In spite of mounting regulatory glare and analyst criticism, state-run financial sector powerhouse LIC has reaped rich returns from its equity market play in the last fiscal with 15 per cent gains at Rs 24,373 crore.
The benchmark BSE Sensex made 25 per cent gains during 2014-15.
The Corporation, which is the nation’s largest institutional investor, had made a profit of Rs 21,257 crore from the equity markets in the financial year 2014 and Rs 24,373 crore in 2014-15, which is a gain of 14.65 per cent.
The returns come even as the Corporation had invested Rs 7,328 crore less in 2014-15 than what it had invested in the previous year. While LIC had invested Rs 54,330 crore into the markets in 2013-14, its investments in 2014-15 were only Rs 47,002 crore, LIC chairman S K Roy said during a recent interaction with PTI.
But he did not proffer a number neither for the Corporation’s investment plans for this fiscal year nor the profit target, saying “investments and profit equities in the current fiscal will depend on the market conditions.”
However, Roy was quick to add that LIC would strive to cross this figure in FY 2016, but final figure will depend on the opportunities available in the equity market in 2015-16.
The Sensex and the Nifty posted their best show in 2014-15 since 2010, registering a hefty rise of 25 per cent in 2014-15, mainly driven by surge in foreign inflows after the Modi government took charge.
During 2014-15, the Sensex rose by 5,571.22 points or 24.88 per cent to 27,957.49 from 22,386.27 on March 31, 2014, after touching all-time high of 30,024.74 on March 4.

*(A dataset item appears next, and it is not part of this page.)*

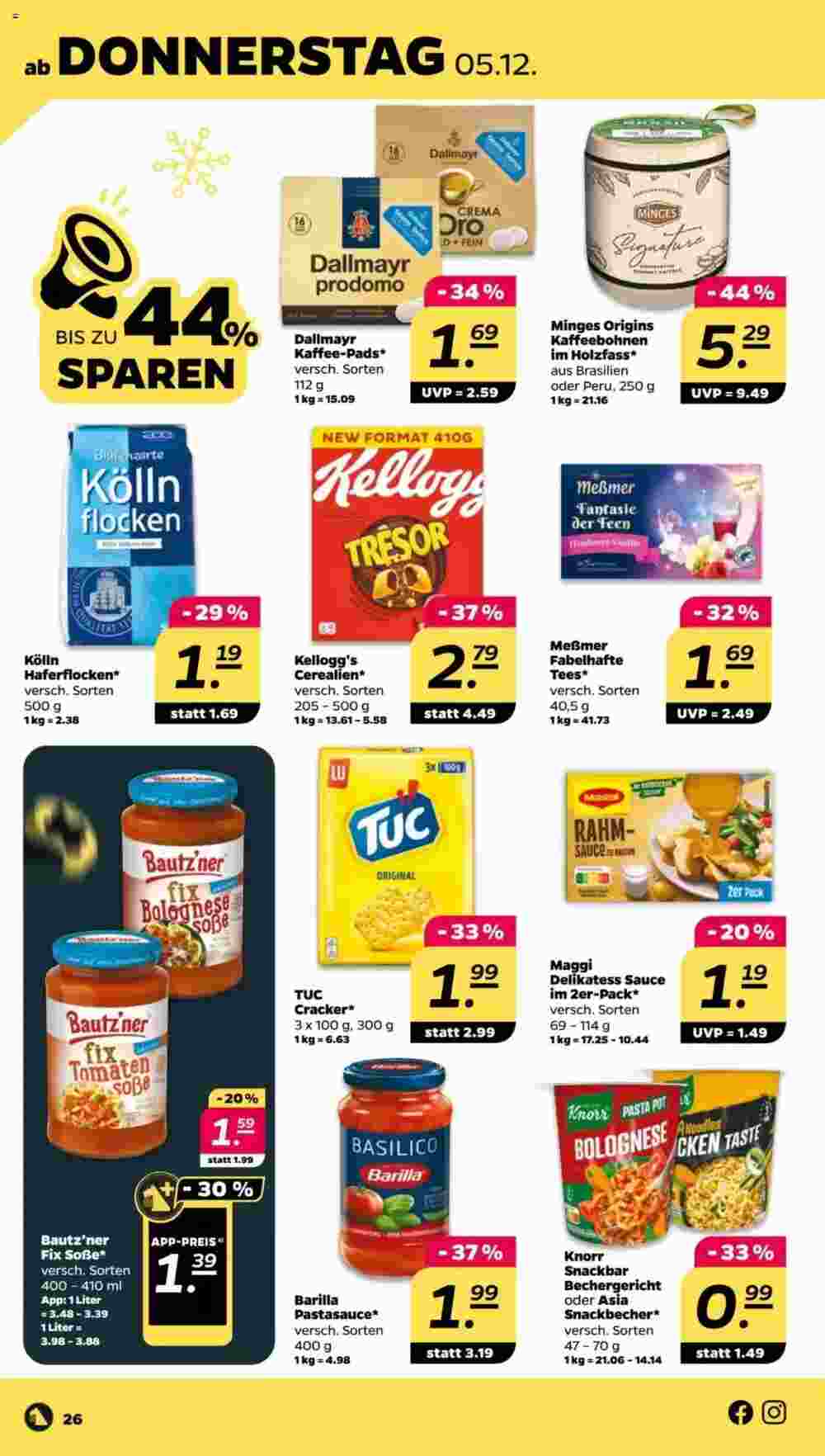 NETTO Prospekt (ab 02.12.2024) zum Blättern - Seite 26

The Nifty on the other hand zoomed by 1,786.80 points, or 26.65 per cent, to settle the fiscal at 8,491 after scaling lifetime high of 9,119.20 on March 4 this year.
With over Rs 2 trillion holdings, LIC is the single largest investor on Dalal Street, having considerable stake in all the blue-chips.
Having over 300 million policyholders and total assets of over Rs 17.7 trillion, LIC is the largest insurer and any solvency issue with it can really create systemic issues not only for the market but for the entire economy, therefore the worry of the regulators.
As of end March 2015, LIC’s holdings in Central and state government securities stood at Rs 10,35,424.86 crore, Roy said, adding the Corporation plans to do gross investment of Rs 3.75 trillion in the current fiscal year.
As per regulations, LIC is mandated to invest 50 per cent of its funds in government securities. But 66 per cent of its investible funds are government bonds now.
It can be noted that the Reserve Bank in May had expressed its concerns over more than 9 per cent holding of LIC in banks, saying LIC’s higher stakes in a clutch of state-run and private banks could potentially create a contagion effect on the system. Some of its large holdings include a whopping 22.5 per cent in Corporation Bank.
“LIC’s stake is 9.21 per cent for the banking system as a whole. So, from the point of interconnectedness and contagion, as a probability, it is something that affects financial stability. It’s not that it’s affecting today or it’s going to affect tomorrow, but these are probabilities,” deputy governor S S Mundra had said on May 22.
This makes LIC the largest shareholder in the banking sector after the government.
LIC held a whopping 22.5 per cent in Corporation Bank, 21.4 per cent in Allahabad Bank, 13.9 per cent in SBI, 16 per cent in IDBI Bank, 12.7 per cent in Punjab National Bank and 11.33 per cent in Syndicate Bank as of FY15.
But Roy termed the holding in Corporation bank as strategic, saying “our holdings in state-run banks are within the limits prescribed by Irda norms. The only bank in which our holding is beyond 15 per cent is Corporation Bank, but this is a part of our strategic holding, and with approval of Irda and RBI,” Roy said.
LIC also holds 13.6 per cent in the third-largest private sector lender Axis Bank, in which the government also holds almost same stake, and 9.7 per cent in the largest private lender ICICI Bank apart from some stakes in banks like HDFC, Kotak Bank and Yes Bank among others.
The last fiscal saw LIC’s holdings in medium and small state-run banks increasing as the government has not given any money to them as part of the annual capital infusion.
LIC’s increasing play in the NBFC space has also been criticised. In 2014-15 while banks lent only Rs 1.595 trillion to them, insurers, led by LIC lent a much higher Rs 1.76 trillion to the NBFC sector.